'The Cranberries without Dolores just isn't The Cranberries' - Limerick band on why they won't replace their friend and lead singer
In the End, the poignantly-titled new album from the Limerick band, is to be their swan song. Still trying to process the untimely death of their friend and lead singer, they will not replace her, they tell John Meagher
Of the countless shows The Cranberries played in their 30-year history one, in particular, stands out for Noel Hogan. It wasn't a stadium show, or a big arena performance or a festival. It was far more modest than that. "It was a gig in TJ's in Newport," he says, of a 1993 show in south Wales that was part of an early UK tour. "There were, like, five people there.

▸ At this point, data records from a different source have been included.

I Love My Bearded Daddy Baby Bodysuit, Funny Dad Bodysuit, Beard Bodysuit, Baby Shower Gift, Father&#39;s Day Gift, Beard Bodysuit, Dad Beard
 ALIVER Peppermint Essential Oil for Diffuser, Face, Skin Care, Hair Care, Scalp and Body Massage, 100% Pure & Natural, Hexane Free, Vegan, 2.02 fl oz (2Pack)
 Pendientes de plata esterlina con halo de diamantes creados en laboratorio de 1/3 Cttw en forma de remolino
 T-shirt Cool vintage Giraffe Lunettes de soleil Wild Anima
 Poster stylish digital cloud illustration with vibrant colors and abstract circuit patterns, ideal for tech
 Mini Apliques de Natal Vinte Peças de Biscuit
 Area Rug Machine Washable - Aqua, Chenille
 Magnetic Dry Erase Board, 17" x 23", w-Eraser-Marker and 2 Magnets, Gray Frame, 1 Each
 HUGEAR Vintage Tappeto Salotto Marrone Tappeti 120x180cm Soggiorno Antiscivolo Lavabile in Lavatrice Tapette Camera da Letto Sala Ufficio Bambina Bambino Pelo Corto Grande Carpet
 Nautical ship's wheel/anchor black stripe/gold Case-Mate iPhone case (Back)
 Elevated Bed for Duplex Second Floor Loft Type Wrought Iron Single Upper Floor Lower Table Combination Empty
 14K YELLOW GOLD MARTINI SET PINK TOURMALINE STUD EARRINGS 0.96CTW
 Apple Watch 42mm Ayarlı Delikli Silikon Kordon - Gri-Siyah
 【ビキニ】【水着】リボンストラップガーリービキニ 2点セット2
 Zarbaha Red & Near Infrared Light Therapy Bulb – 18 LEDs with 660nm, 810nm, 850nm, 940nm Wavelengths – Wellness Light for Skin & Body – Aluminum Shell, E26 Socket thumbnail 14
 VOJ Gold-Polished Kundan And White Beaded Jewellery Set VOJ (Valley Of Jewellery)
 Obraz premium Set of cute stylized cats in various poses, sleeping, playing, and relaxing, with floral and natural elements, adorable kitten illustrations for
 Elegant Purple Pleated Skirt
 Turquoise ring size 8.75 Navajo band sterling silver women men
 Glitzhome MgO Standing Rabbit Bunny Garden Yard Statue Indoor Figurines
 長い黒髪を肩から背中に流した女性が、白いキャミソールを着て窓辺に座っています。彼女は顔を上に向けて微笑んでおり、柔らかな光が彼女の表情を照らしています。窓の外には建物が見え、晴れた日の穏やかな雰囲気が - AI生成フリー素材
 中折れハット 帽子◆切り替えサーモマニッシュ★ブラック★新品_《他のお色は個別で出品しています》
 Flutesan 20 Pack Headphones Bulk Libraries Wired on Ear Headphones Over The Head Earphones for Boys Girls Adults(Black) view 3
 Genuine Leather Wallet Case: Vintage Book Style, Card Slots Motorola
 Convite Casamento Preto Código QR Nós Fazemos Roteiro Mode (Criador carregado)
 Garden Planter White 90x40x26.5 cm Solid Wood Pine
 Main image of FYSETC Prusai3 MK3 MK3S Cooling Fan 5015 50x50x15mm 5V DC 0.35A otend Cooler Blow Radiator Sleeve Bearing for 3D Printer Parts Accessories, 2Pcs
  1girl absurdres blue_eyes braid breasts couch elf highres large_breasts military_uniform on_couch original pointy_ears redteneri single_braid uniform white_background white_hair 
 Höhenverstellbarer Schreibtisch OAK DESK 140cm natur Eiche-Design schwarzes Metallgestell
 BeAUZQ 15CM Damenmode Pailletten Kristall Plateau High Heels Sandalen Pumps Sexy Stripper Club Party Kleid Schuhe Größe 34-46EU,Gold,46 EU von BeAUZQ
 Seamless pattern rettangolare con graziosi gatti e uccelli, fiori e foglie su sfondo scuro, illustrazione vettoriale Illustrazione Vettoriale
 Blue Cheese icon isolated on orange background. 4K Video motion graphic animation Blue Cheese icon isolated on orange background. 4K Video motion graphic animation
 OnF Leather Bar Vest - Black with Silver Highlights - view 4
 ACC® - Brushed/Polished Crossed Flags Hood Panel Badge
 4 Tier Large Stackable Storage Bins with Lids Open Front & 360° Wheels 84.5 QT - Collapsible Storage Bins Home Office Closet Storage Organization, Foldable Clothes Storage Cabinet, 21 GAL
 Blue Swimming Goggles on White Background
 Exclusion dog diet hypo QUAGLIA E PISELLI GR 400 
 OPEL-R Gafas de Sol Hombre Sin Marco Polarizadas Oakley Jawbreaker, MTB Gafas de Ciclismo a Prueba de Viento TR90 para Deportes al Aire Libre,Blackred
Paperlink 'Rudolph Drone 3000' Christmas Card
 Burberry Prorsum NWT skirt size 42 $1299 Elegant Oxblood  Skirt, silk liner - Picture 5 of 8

It was an awful gig. We were all feeling really defeated at that point."
That was the moment when The Cranberries could have done what many other bands in a similar situation have done - quietly quit and return to more stable, more ordinary lives. "But we kept going," he says, "and got through a tour supporting the Hothouse Flowers in Europe where we played to empty rooms - everyone would be outside and would come in for the Flowers. And then, just like it really was the end, something happened."
That something was Linger. Their song - the first they ever wrote before they had emerged from their native Limerick - was picked up by the influential 'college radio' in the US and doors started to open. The band would go on to be one of the best-selling Irish exports ever.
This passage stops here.